▶ SUPPLIED RECORDS
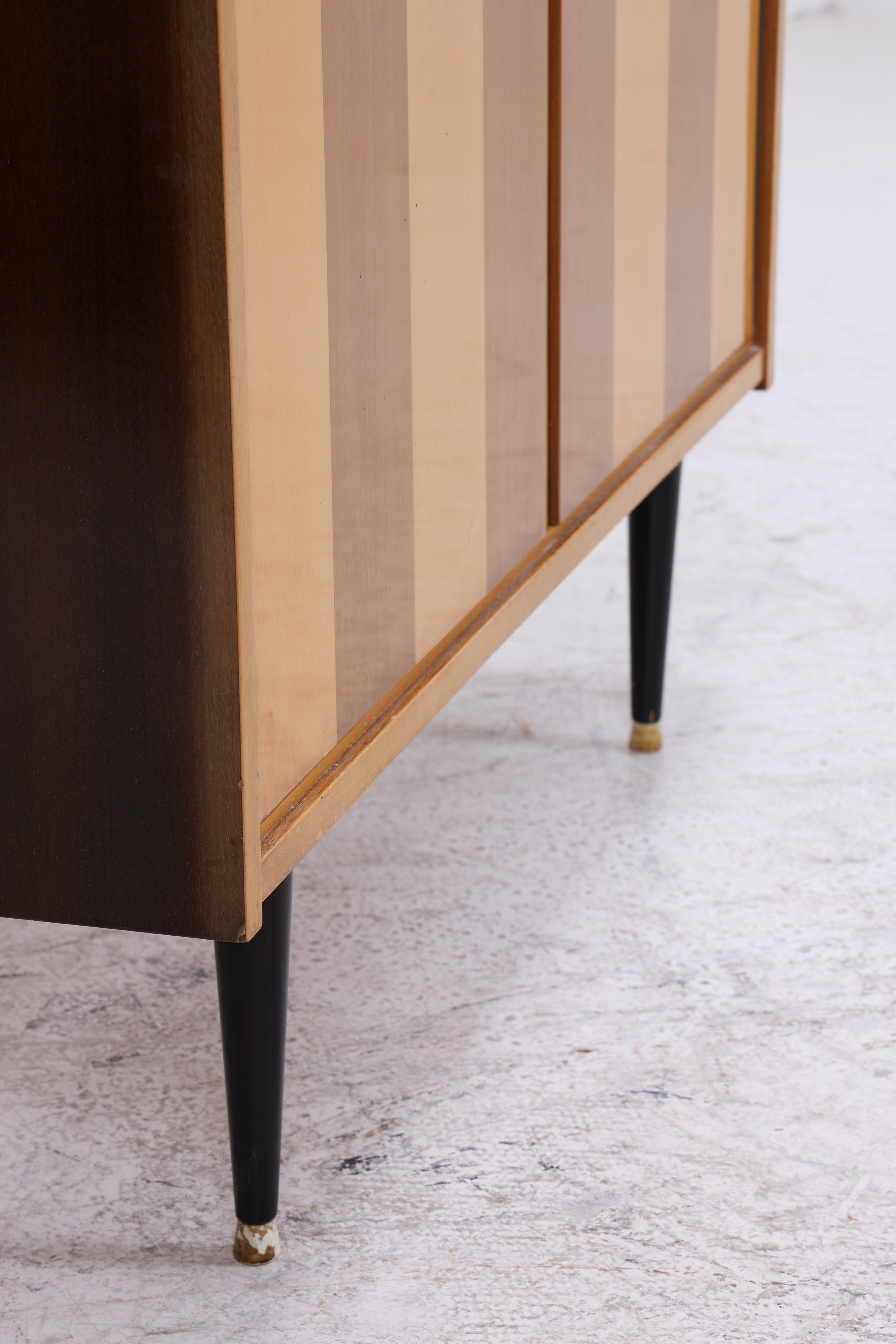 Vintage Vitrine | Mid Century Glasschrank | 50er 60er Jahre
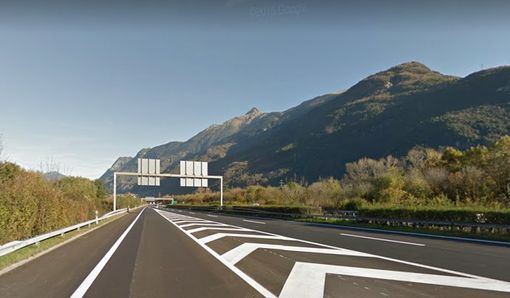 Automobilista italiano in autostrada in Ticino a 144 all'ora: denunciato, non potrà  più circolare in Svizzera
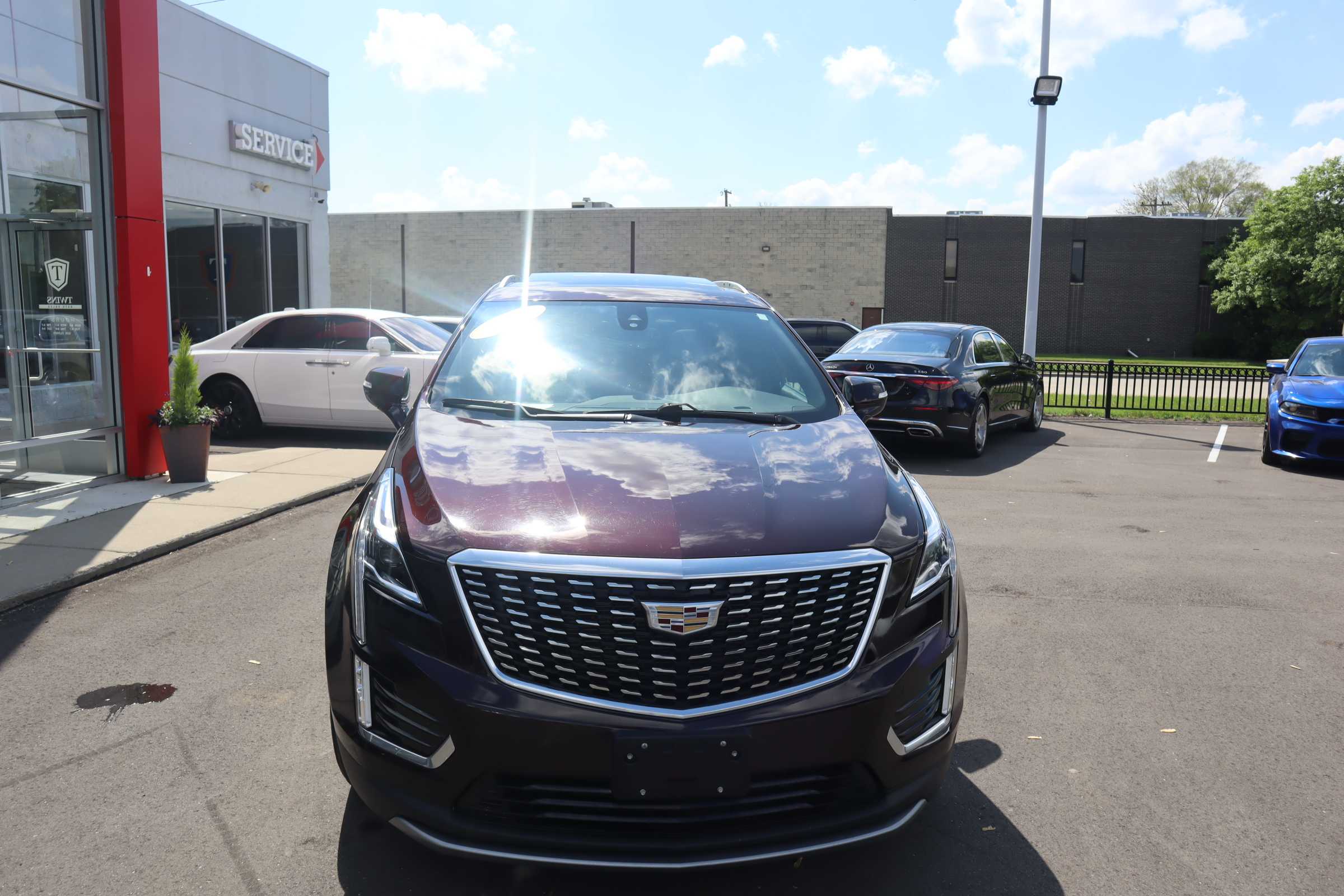 BURGUNDY, 2021 CADILLAC XT5 Thumnail Image 6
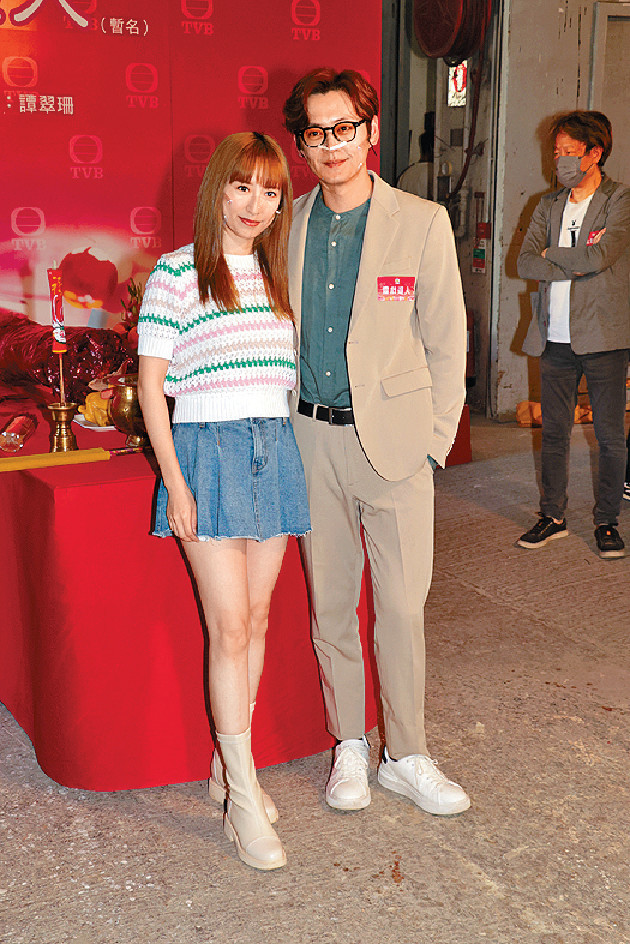 ■龔嘉欣大讚振朗有彈琴天份。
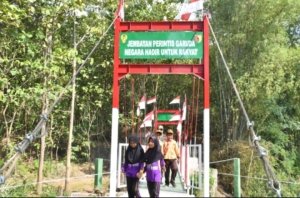 Tiga Jembatan Garuda Dibangun, Warga Ponorogo Kini Tak Lagi Menantang Arus Sungai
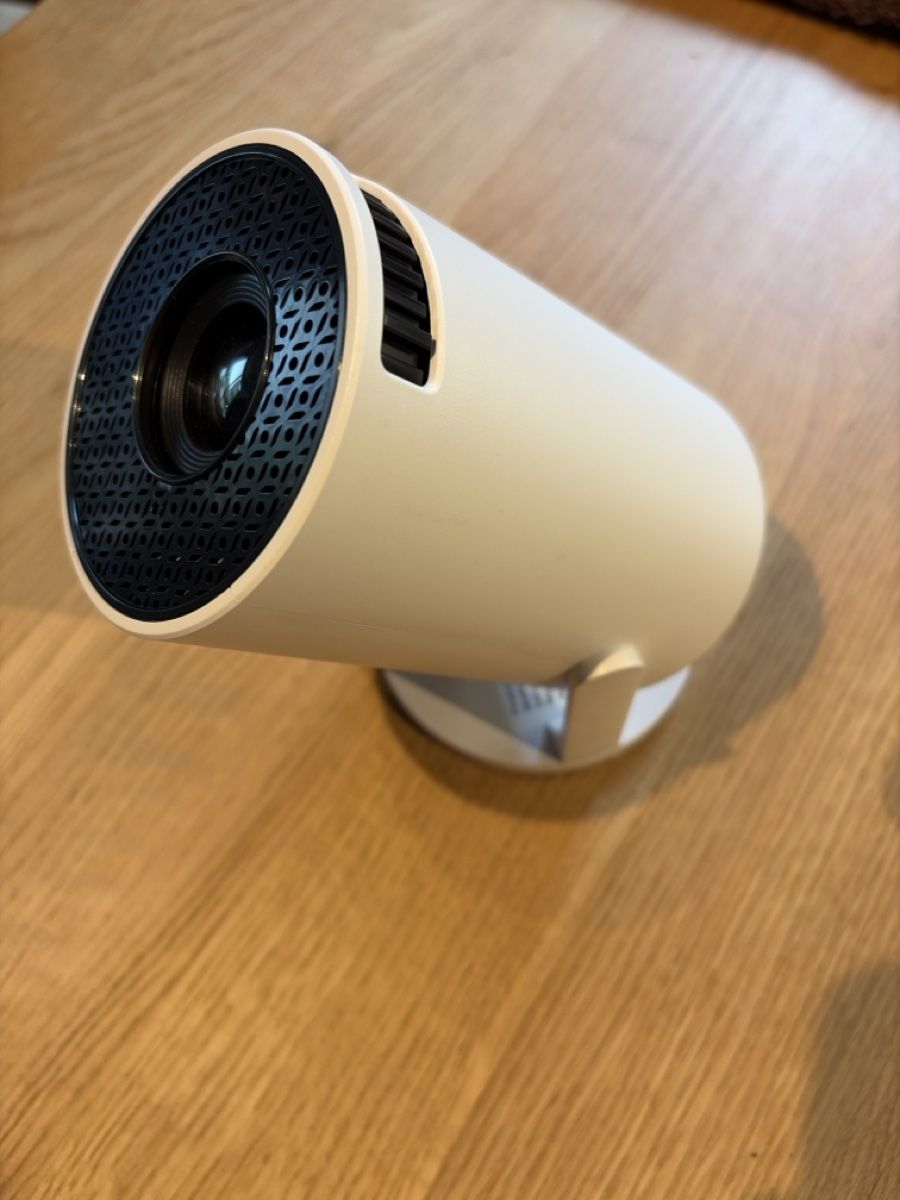 Videoprojektoren: Projektor YK200 gebraucht – Gebraucht aus Weinfelden von kap_mh5p 1
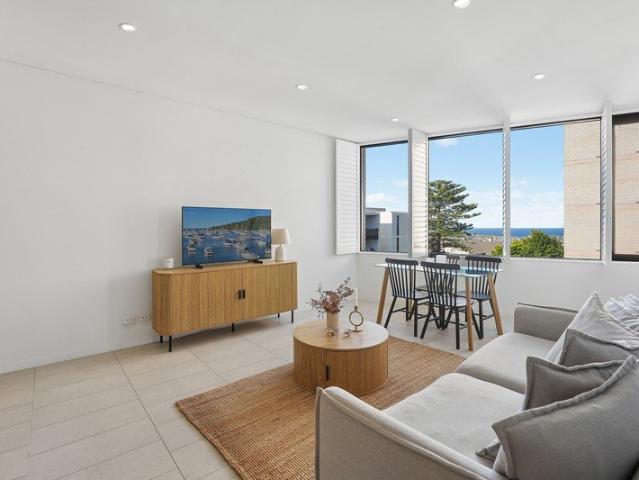 East Facing Designer Apartment With Ocean Outlook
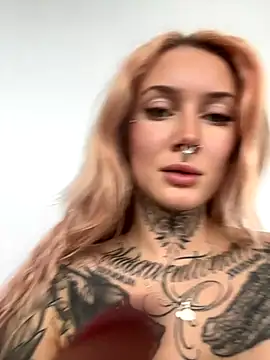 Snapshot of Stella-Kink chatting on 8, 11, 2025 Stella-Kink online show from 8, 11, 2025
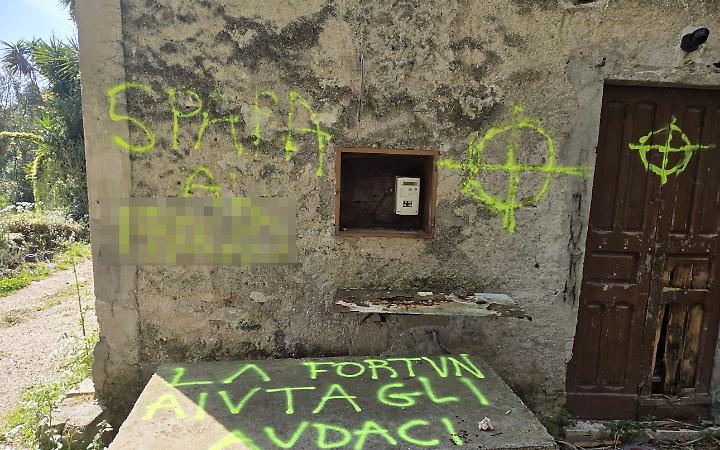 Scritte omofobe ed estremiste agli Horti di Porta Paldi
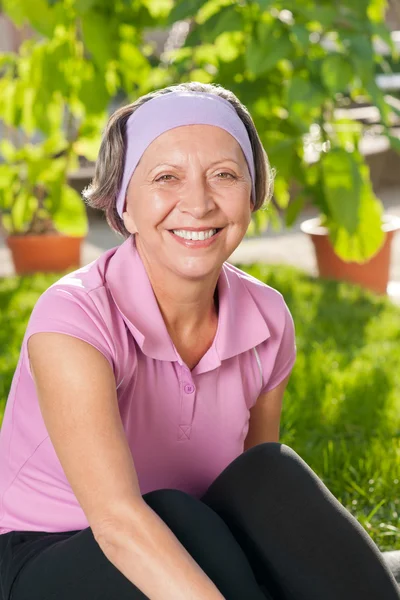 Sportliche Seniorin lächelt vor Porträt — Stockfoto
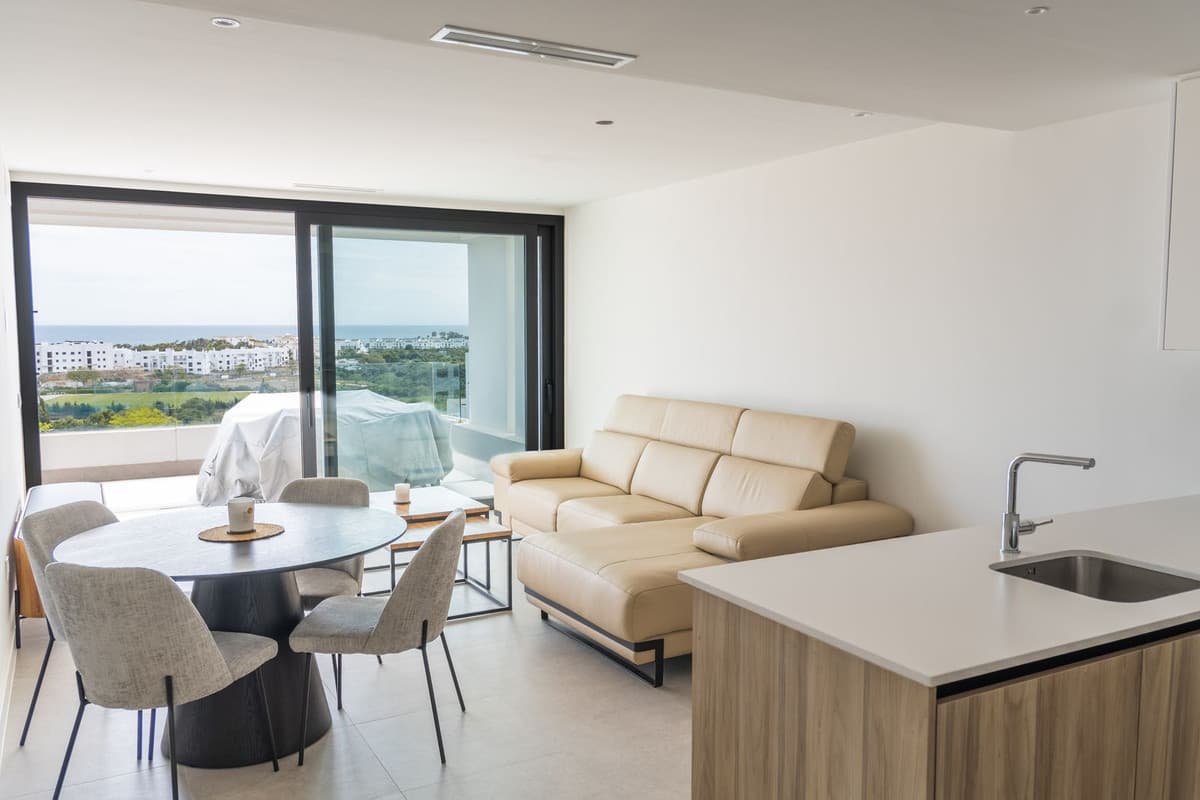 Penthouse Duplex in Estepona — photo 1 of 10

▶ EXERCISE DIRECTIONS
Omit the pictures, then output the rest of the listing exactly.

▶ OUTPUT
 Vintage Vitrine | Mid Century Glasschrank | 50er 60er Jahre
 Automobilista italiano in autostrada in Ticino a 144 all'ora: denunciato, non potrà  più circolare in Svizzera
 BURGUNDY, 2021 CADILLAC XT5 Thumnail Image 6
 ■龔嘉欣大讚振朗有彈琴天份。
 Tiga Jembatan Garuda Dibangun, Warga Ponorogo Kini Tak Lagi Menantang Arus Sungai
 Videoprojektoren: Projektor YK200 gebraucht – Gebraucht aus Weinfelden von kap_mh5p 1
 East Facing Designer Apartment With Ocean Outlook
 Snapshot of Stella-Kink chatting on 8, 11, 2025 Stella-Kink online show from 8, 11, 2025
 Scritte omofobe ed estremiste agli Horti di Porta Paldi
 Sportliche Seniorin lächelt vor Porträt — Stockfoto
 Penthouse Duplex in Estepona — photo 1 of 10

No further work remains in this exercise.